# PROMPT:
Could you return the data that follows exactly, minus the images?

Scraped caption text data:
============
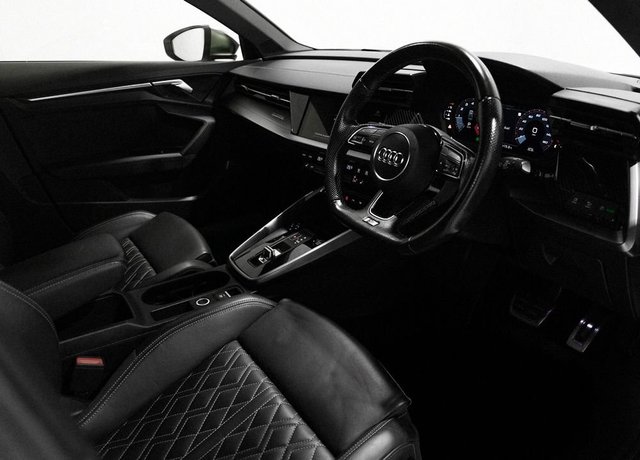 2020 Audi S3 2L null 4dr - Photo 2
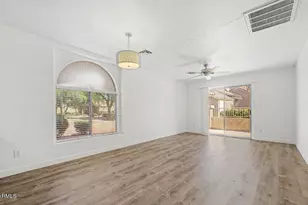 7040 W Olive Ave, Peoria, AZ 85345 - Photo 7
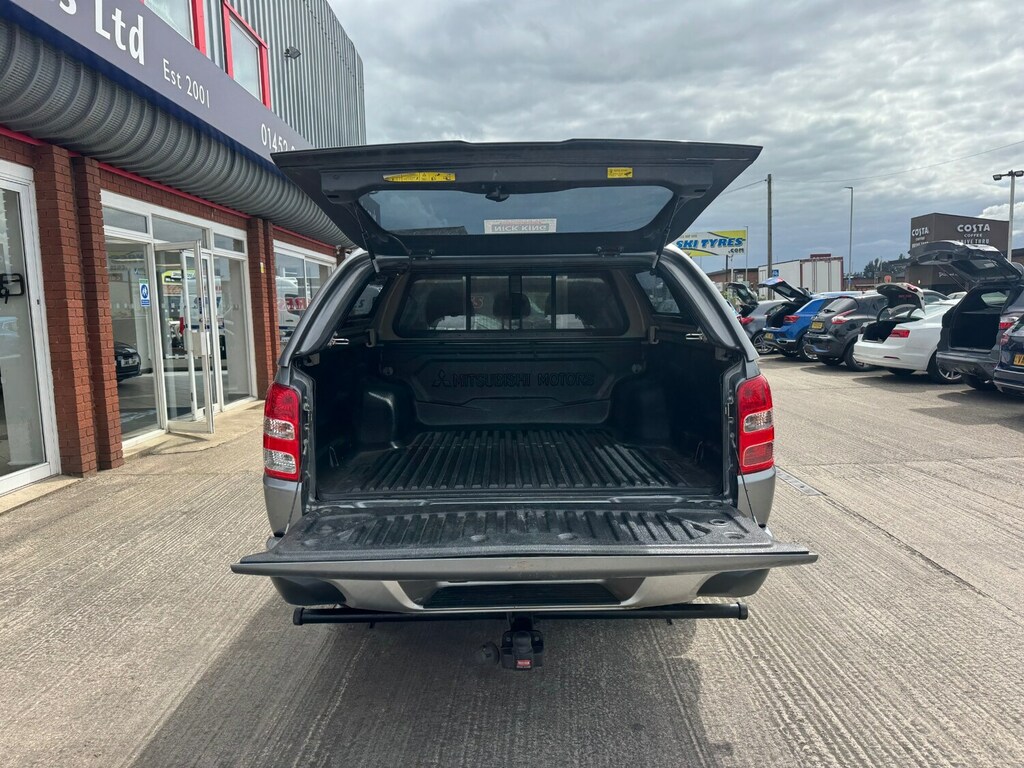 Mitsubishi L200 2.4 Di-d Dc Barbarian Pickup 4Wd Silver #15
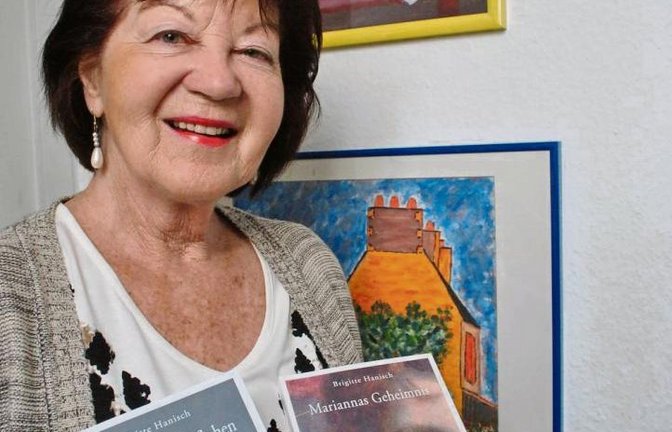 Brigitte Hanisch präsentiert ihren Fortsetzungsroman. Foto: Stahlfeld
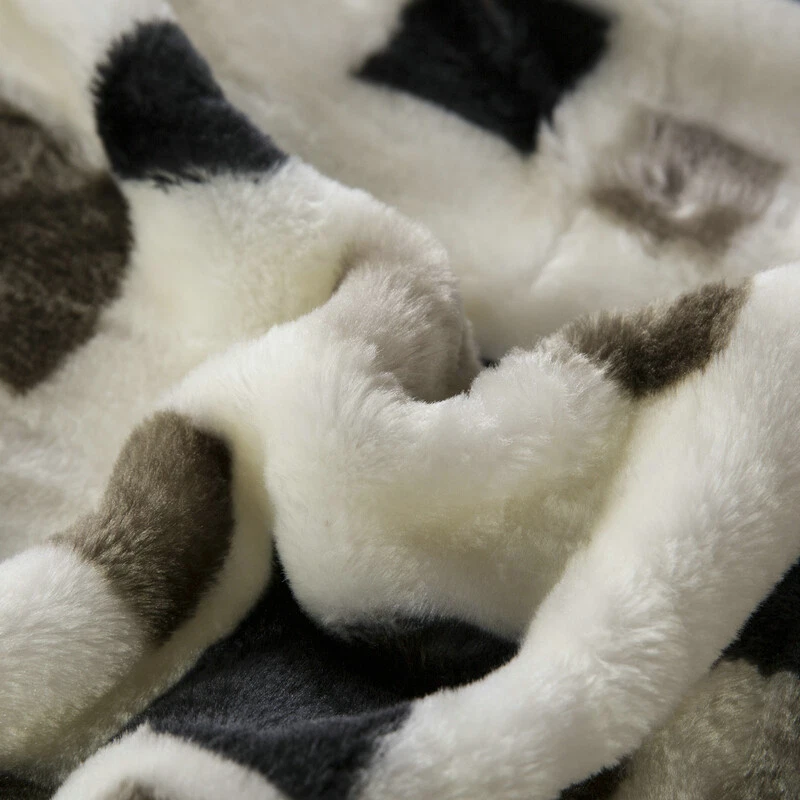 Raschel Blanket 2-4kg Double Layers Soft For Winter Weighted Bed Cover Queen New - Image 2 of 4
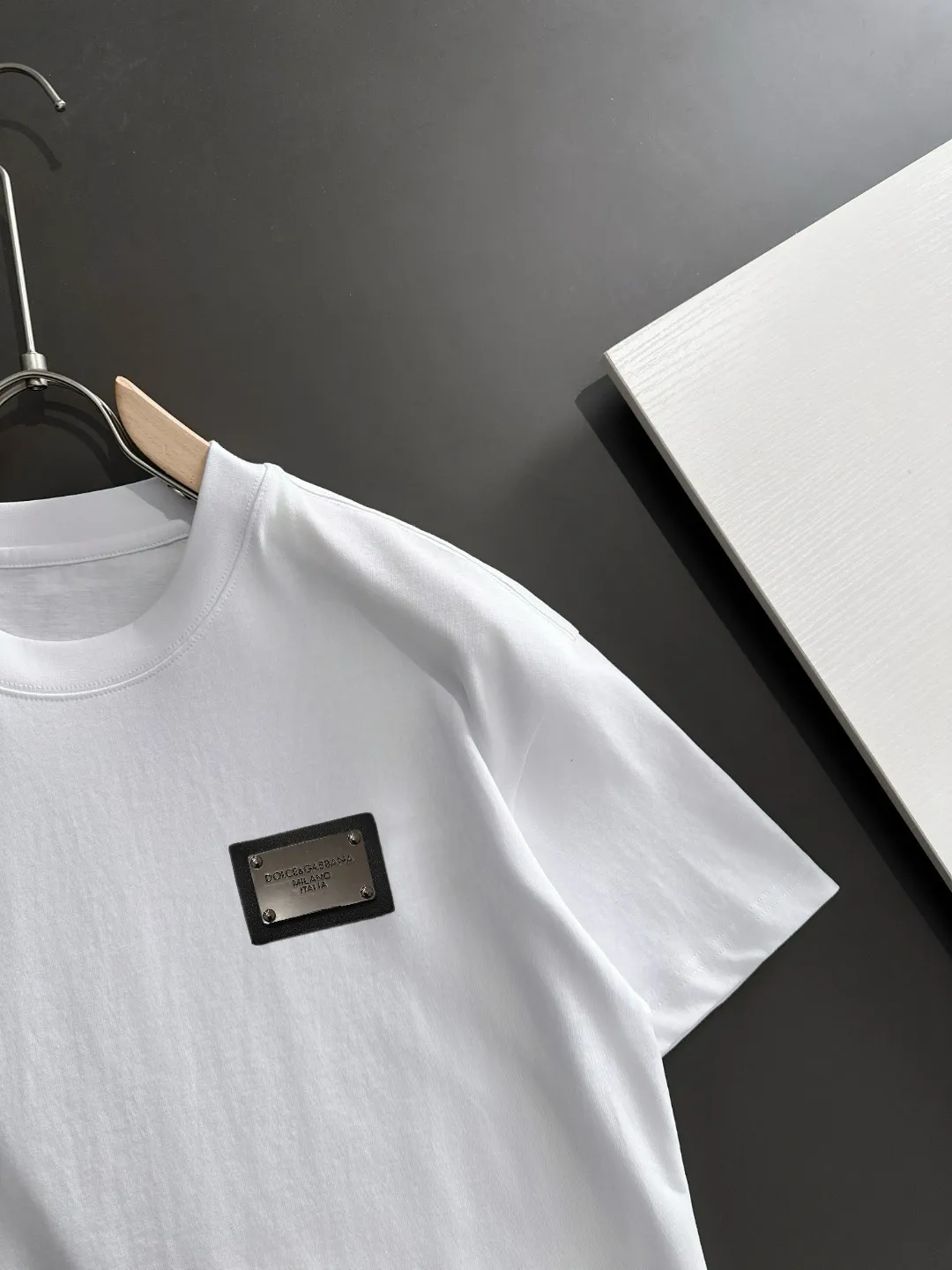 ，DG Same Style T ！ Logo ！ ！ Breathable ， 。Premium ， ！ Same Style！ ：Black White Size：S-xx L
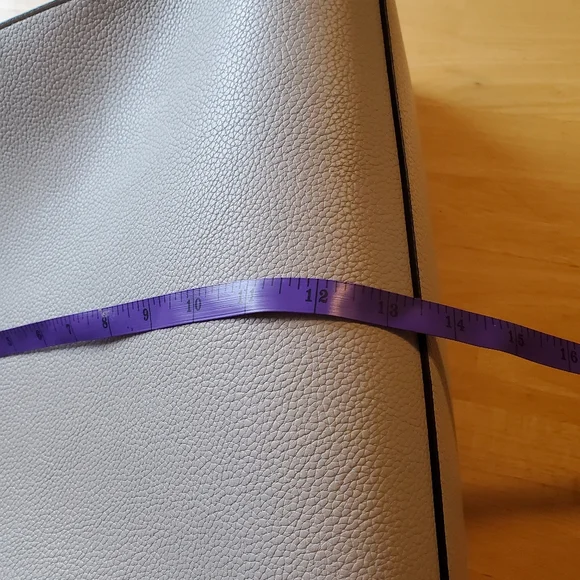 HOST PICK** CALVIN KLEIN HAND BAG - Picture 13 of 13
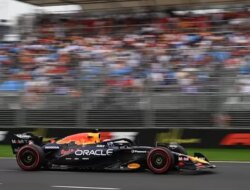 Verstappen Kaget, Red Bull Tertinggal, Tapi Masih di Depan Ferrari dan Mercedes – Radar Banyuwangi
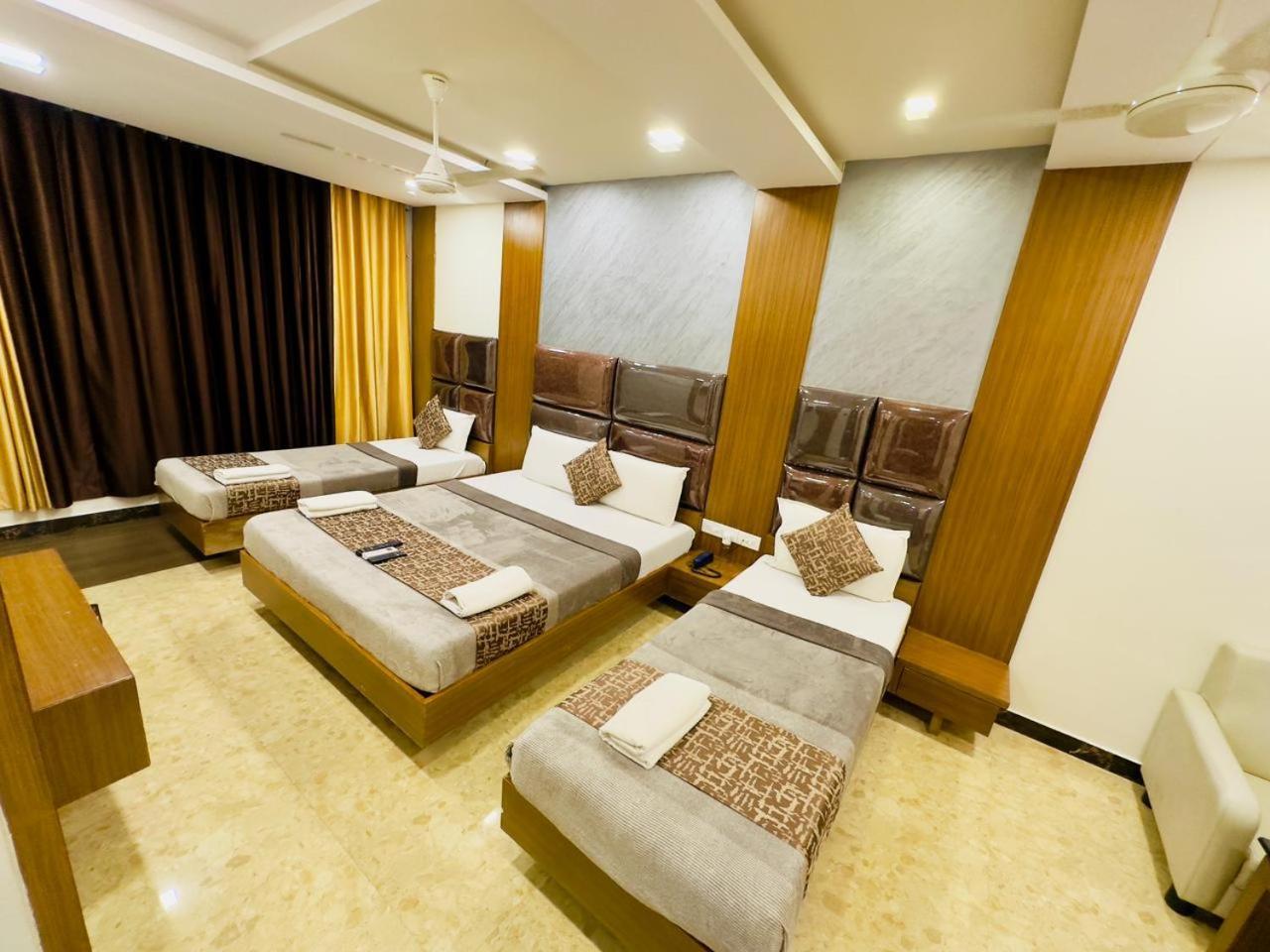 Sheraton Grande Hotel Chennai Exterior foto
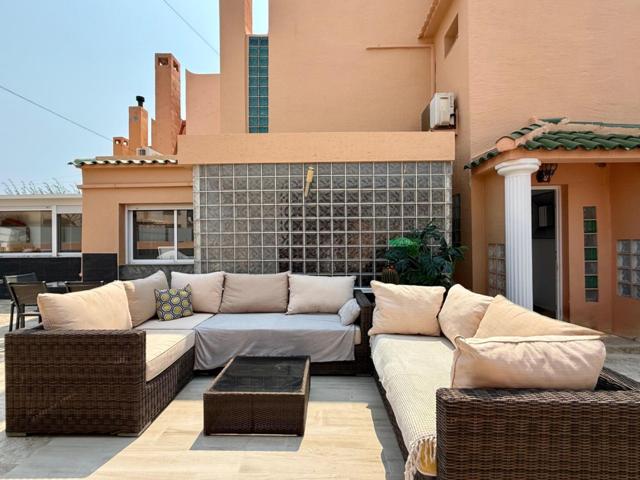 INCREIBLE VILLA DE 5 DORMITORIOS Y CON PISCINA PROPIA EN ZONA LOS FRUTALES (TORREVIEJA) photo 0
============
# SOLUTION TO THE PROBLEM:
 2020 Audi S3 2L null 4dr - Photo 2
 7040 W Olive Ave, Peoria, AZ 85345 - Photo 7
 Mitsubishi L200 2.4 Di-d Dc Barbarian Pickup 4Wd Silver #15
 Brigitte Hanisch präsentiert ihren Fortsetzungsroman. Foto: Stahlfeld
 Raschel Blanket 2-4kg Double Layers Soft For Winter Weighted Bed Cover Queen New - Image 2 of 4
 ，DG Same Style T ！ Logo ！ ！ Breathable ， 。Premium ， ！ Same Style！ ：Black White Size：S-xx L
 HOST PICK** CALVIN KLEIN HAND BAG - Picture 13 of 13
 Verstappen Kaget, Red Bull Tertinggal, Tapi Masih di Depan Ferrari dan Mercedes – Radar Banyuwangi
 Sheraton Grande Hotel Chennai Exterior foto
 INCREIBLE VILLA DE 5 DORMITORIOS Y CON PISCINA PROPIA EN ZONA LOS FRUTALES (TORREVIEJA) photo 0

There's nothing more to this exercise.